Not Just Silos - Other Methods to Store and Transport Bulk Solids

(Wednesday, April 26, 12:30 – 2 p.m.)

Q. What can you tell us about this session? 

Typical training sessions for solids handling systems focus almost exclusively on permanent silo structures. This session will take the basics of solids flow and conveying and extend them to the great variety of methods to store and logistically transport bulk materials, including bags, boxes, drums, bulk bags (FIBCs), portable bins, bulk pneumatic trailers, and ISO shipping containers. While some of the same considerations apply to each type of container, there are unique aspects that can make a particular container a good or bad choice from a logistical or solids handling standpoint. For example, drums are cheap to fill but difficult to empty and dispose of, while ISO shipping containers offer the lowest cost overseas transportation and least packaging waste but potentially the greatest investment to unload.

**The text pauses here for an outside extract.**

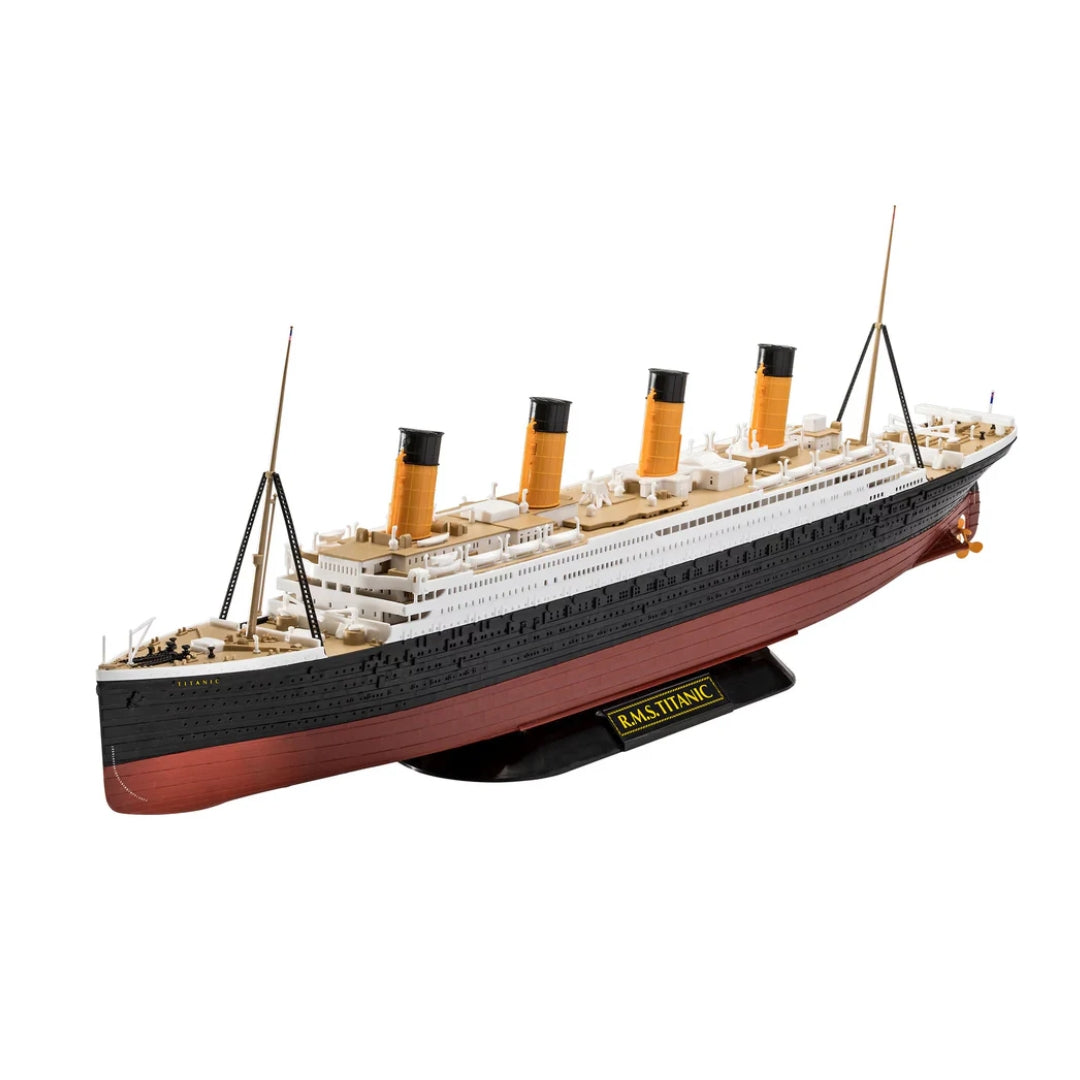 REVELL CONTROL R.M.S. TITANIC-ASSEMBLY KIT, Ages 10+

Case Histories in Storage Systems: A panel

(Wednesday, April 26, 2:30 – 3:30 p.m.)

Q. What can you tell us about this session? 

A panel of three expert consultants in bulk materials storage systems will review the diversity of problems that they have solved or prevented.  Most of these problems go beyond the basics of gravity solids flow, and highlight the challenges faced in solids handling technology. Questions from the audience will be welcome, and the discussion will be moderated by an industrialist with extensive operations experience.

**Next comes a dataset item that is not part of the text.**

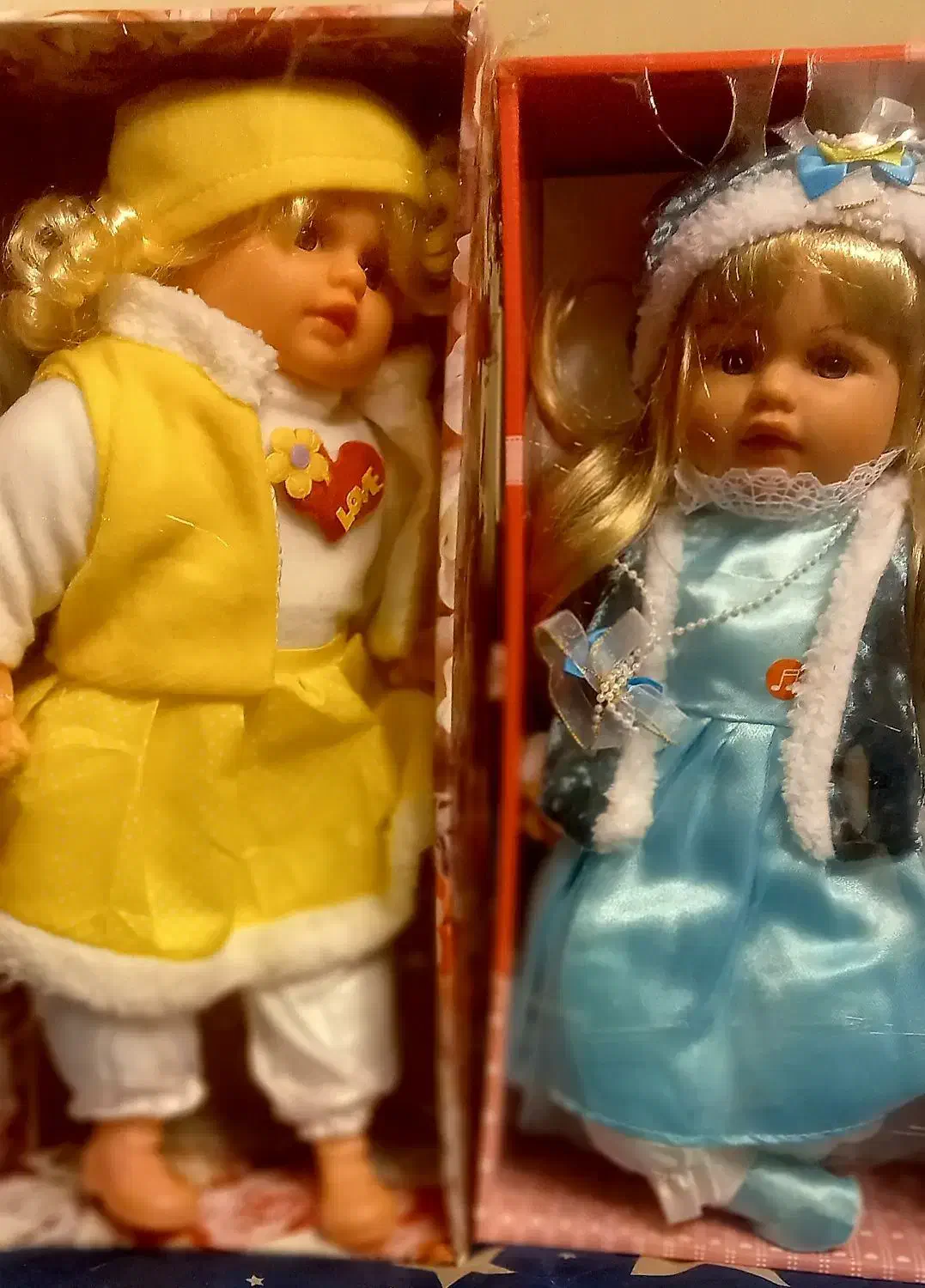 عروسک  موزیکال|اسباب‌‌بازی|اشتهارد, |دیوار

Q. Is the Basics course for newbies in the industry, or are they all for both new and experienced processing professionals?

The goal of the fundamentals (or basics) track is to cover (insofar as possible) all of the main topics in two days for folks that are new to the field. The remaining tracks are more detailed in their coverage, and they presume that the participant has either attended the other lectures in the track or have prior knowledge of the topic. For example, my track (storage) covers the basics of silo design in the first two lectures, and then goes deeper (and wider) in subsequent sessions.


Q. What are some trends that you have seen regarding powders & solids, say since the last Show, two years ago?

The pace of technological progress is relatively slow, but the turnover in people is significant, so I'm sure there will be a lot of people at the show that have not attended in the past.
 

Q. What are some things to watch in the near future (two to three years)?

In terms of markets, probably the three big fields are batteries, additive manufacturing (3-D printing), and hemp product processing. The main technology advances continue to be in the field of mathematical modeling of particle behavior.  This is a difficult field, but progress is gradually being made.